I have to hand in a poem in a few weeks and here are two that I am currently tinkering with. Any comments or thoughts are appreciated.
Books and People. People and Books.
Some books have scars.
Course Reserve Rectangles the size of a thumb-print on
the front covers to let their care providers know where to put them.
Elders have bindings that have atrophied over
the years, vomiting pages in dank book bags here and
These crones have yellowed pages, crisp and brittle.
They come from shelved nurseries of long dead
Scholars and touching them leaves your fingers dry.
There are sought-after courtesans, wanted for what’s
inside because everyone knows proverbs about judging them by their scuffed, over-used faces. Their lovers play cunning games of recall and counter-recall to vie for their affection.
Gangs of periodicals squat in between gruff home-made
card-board neighborhood bindings. These hooligans of the shelves are crowded together by month and year.
The books migrate in and out. There are casualties and even deaths, their blood paid in fines, rarely forgiven.
The patrons walk as if their spines were on the ground, pages fluttering as they go. You can’t read them cover to cover because that’s rude but if you watch carefully you can catch a glimpse of their table of contents or look up an idea or two in a glossary.
They take all kinds here, some are kanji, cuneiform, hieroglyphs and all of the romance languages in between.
Some want their courtesans so badly, scared they will be shelved in some dusty annex warehouse to never be seen again.
The proud have gang ink published in card-board ‘hoods that they carry like prison tattoos, not worn openly but everyone knows they’re under the clothes somewhere. On their title page are words like emeritus and tenured faculty.

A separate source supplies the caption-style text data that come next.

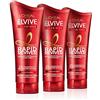 L'Oréal Paris Elvive Rapid Reviver Balsamo Intensivo Istantaneo Color Vive, Arricchito con Amminoacido e Vitamina E, per Capelli Colorati, Confezione da 3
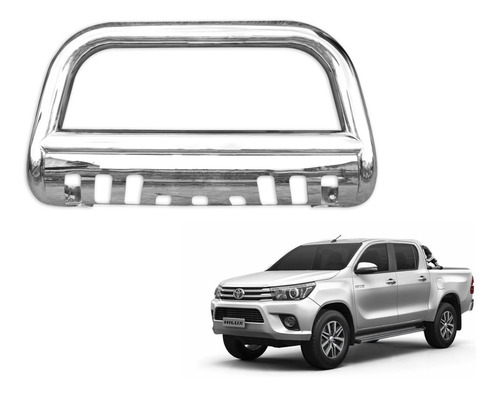 Defensa Baja Frontal Acero Inoxidable Hilux Revo 2016-2020 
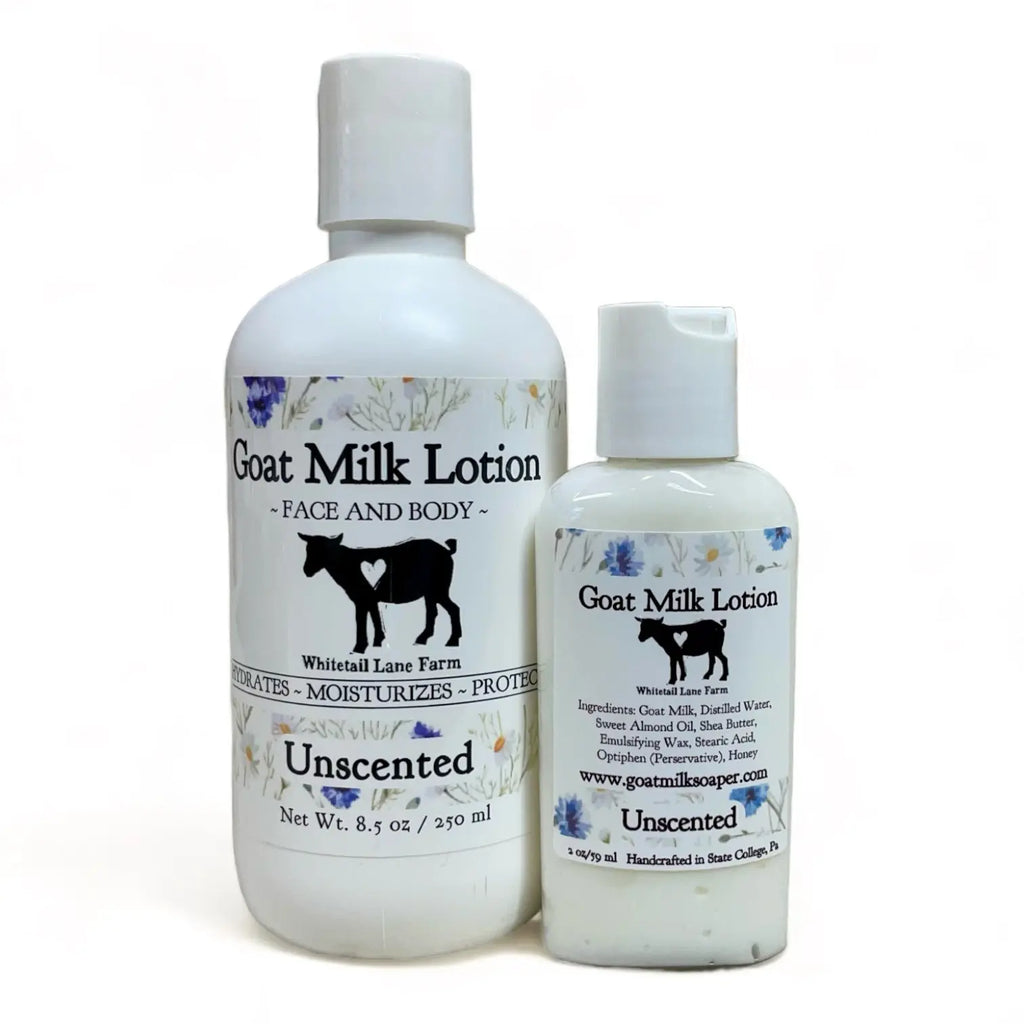 Goat Milk Lotion Unscented from Whitetail Lane Farm Goat Milk Soap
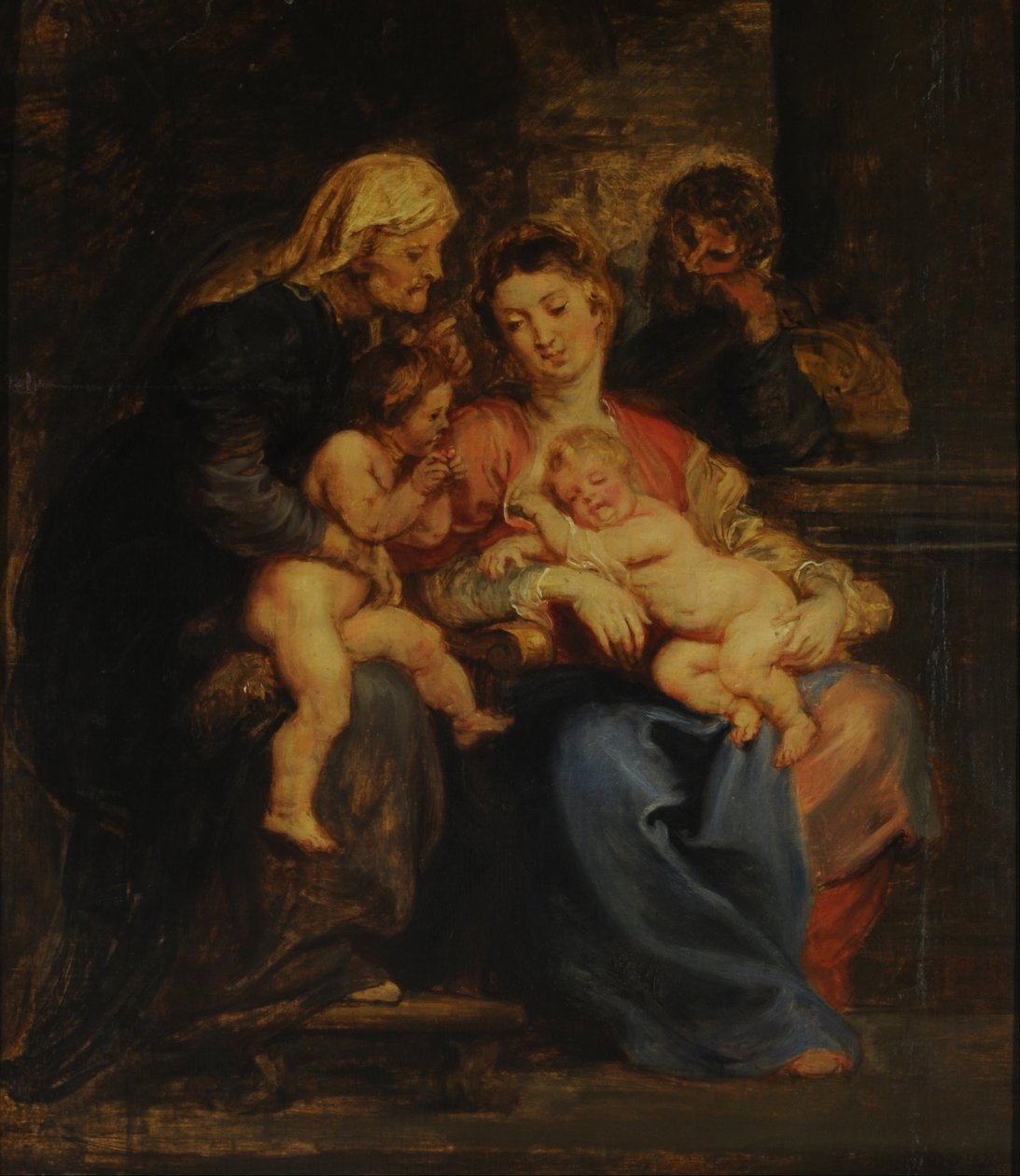 Den hellige familie med Saint Elizabeth og Saint John av Peter Paul Rubens
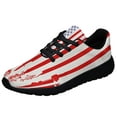 thumbnail image 1 of Fishing Fisherman American flag Shoes Sneakers Black Size 13, 1 of 7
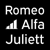Romeo Alfa Juliett Logo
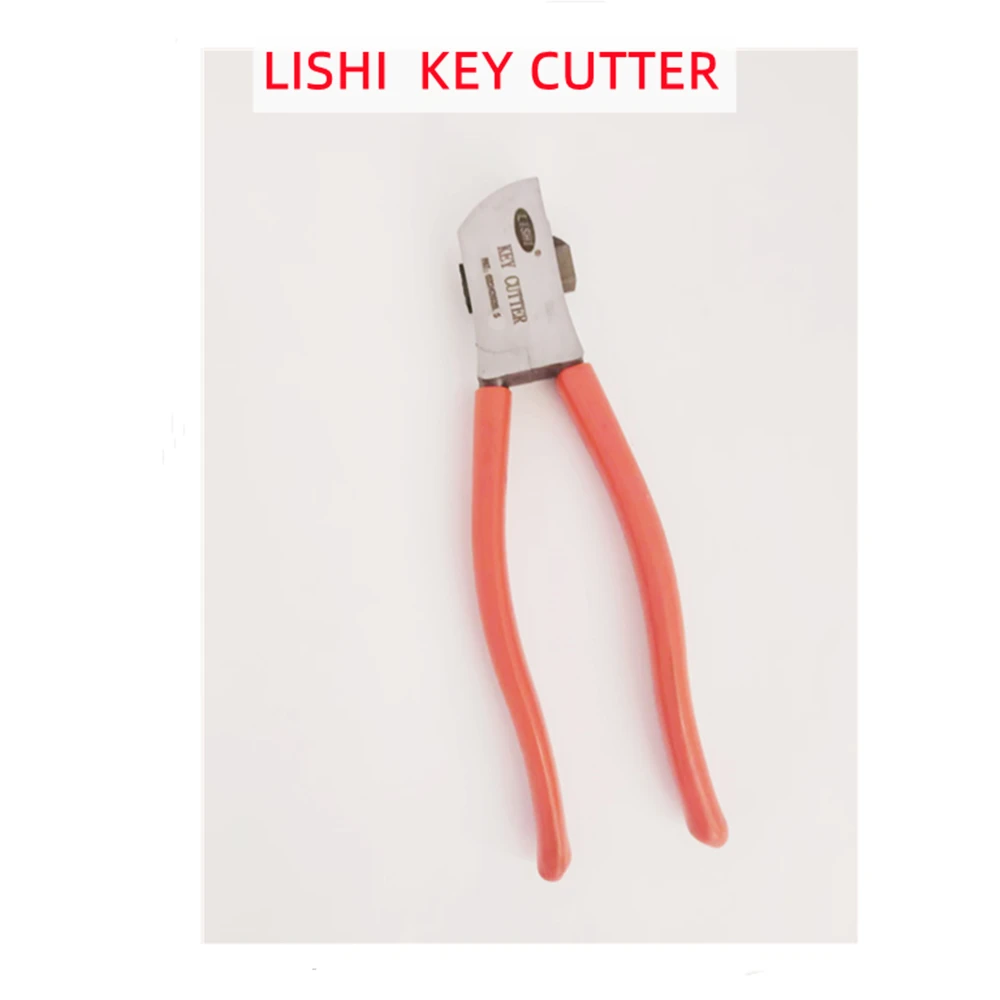 

RED Lishi Key Cutter Портативный ключ Lishi Слесарные плоскогубцы для автомобильных ключей Автоматическая резка ключей Ручные инструменты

The young ones are still an outline, filling in the blank pages, putting out query letters to literary agents and hoping someone will option their novel for a summer blockbuster.
The patrons migrate in and out. There are casualties and even deaths but without a bar code or an ISBN they just aren’t our concern, not our fines to collect.
I woke up next to an important brown girl and the world was never the same after that.
The wisest move
made in the
prevention of meaningful
sex was in the creation of
coffin-thin dorm beds.
She woke me up early, her bony knees shoved into my chest. I left her with a soft kiss on her forehead, not wanting to taint her face with my corrosive morning-breath while she slept.
Back at my apartment, I put that station on, the one that still plays music videos. My roommate’s mother called, telling me the news and now I’ll never forget his name, even though he was a vapid shit well worth forgetting.
I watched the towers fall, didn’t we all?
And in the days to come I sat with her and we watched them fall again and again and again and again.
Falling asleep with the news on never gave me nightmares before that. The drug store clerk told me he knew a good way to kill towel-heads, looking disappointed when I cursed at him in disgust.
And I’ve slept with her every night since, knowing the morning after will never be as memorable.